Rising costs push retirees to juggle cash flow, work and home equity to stay afloat
Canadian seniors are propping up their families even as inflation eats into their own retirement security.
A new national survey from Bloom Finance finds that one in three seniors still help adult children or grandchildren financially, and 76 percent now say that support affects their retirement savings, up from 65 percent last year.
The 2025 Aging & Affordability Insights Benchmark Report also shows that more than half (55 percent) worry their retirement savings won’t last, while 61 percent plan to adjust lifestyle or spending habits to cope.
Bloom founder and CEO Ben McCabe told Money.ca that “inflation continues to outpace income growth, especially for those on fixed retirement incomes.”
He warned that “over time, that pressure risks eroding retirement savings and leaving seniors vulnerable to unexpected expenses or healthcare costs.”
Essentials such as groceries, utilities and transportation have risen roughly 20 percent in cost, McCabe notes, a shift that “reshaping what financial comfort looks like in later life.”
What was once a relatively stable retirement landscape now forces more frequent changes to budgets, spending priorities and long-term planning, and creates a financial environment that looks very different from what many retirees expected.
Supporting family has become more embedded in that budget.
Among seniors who help relatives, 67 percent now contribute to everyday household expenses, up from 55 percent last year.
Twenty-eight percent help with rent or mortgage payments, and 27 percent assist with childcare or extracurricular costs.
“This level of support is increasingly difficult to sustain amid rising living costs,” McCabe said to Money.ca. “Inflation is depleting fixed retirement incomes, and seniors are spending more just to maintain basic living standards.”
He warned that this pressure could compromise seniors’ financial security, limit their ability to preserve their lifestyle, and force them to revisit retirement plans they once felt confident in.
In response, 36 percent of seniors are considering part-time work to manage higher costs.
Only 21 percent are looking at downsizing or accessing home equity earlier than planned, which suggests many see those moves as a last resort, even as interest in tools such as reverse mortgages grows.
McCabe notes that three-quarters of Canadian seniors own their homes and collectively hold around $2tn in home equity, and more retirees are exploring ways to use that equity strategically.
“We believe that tapping sustainably and responsibly into home equity can and should form part of a well-rounded retirement plan,” he said.
To that end, Bloom designed SafeRate, which it describes as Canada’s first lifetime fixed-rate reverse mortgage, with family-first protections aimed at removing uncertainty and protecting against life’s unexpected events.
As more seniors grapple with rising prices and ongoing family demands, McCabe argues that the most important first step is understanding cash flow clearly.
“Beyond simply putting money aside, one of the most important steps at any age is understanding what’s coming in and what’s going out,” he said.

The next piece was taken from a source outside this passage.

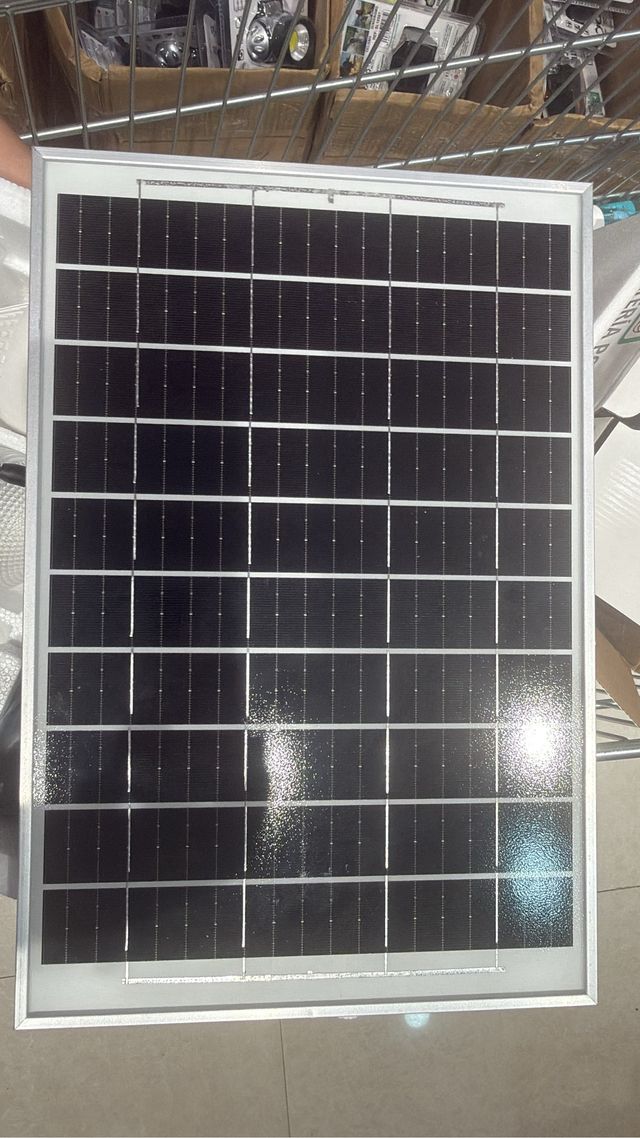 Batería Solar con altavoz, con luces y etc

Many retirees, he added, underestimate how quickly rising prices can shift a retirement plan, “now that the cost of a basket of groceries is up 20 percent.”
He advises retirees to “develop a strong understanding of your sustainable income sources and recurring expenses, and ensure those are balanced month-in, month-out.”
He also stresses the importance of “bake in rising living costs where possible” and “know your options; understanding the tools and resources available is essential to maintaining financial security and comfort throughout retirement.”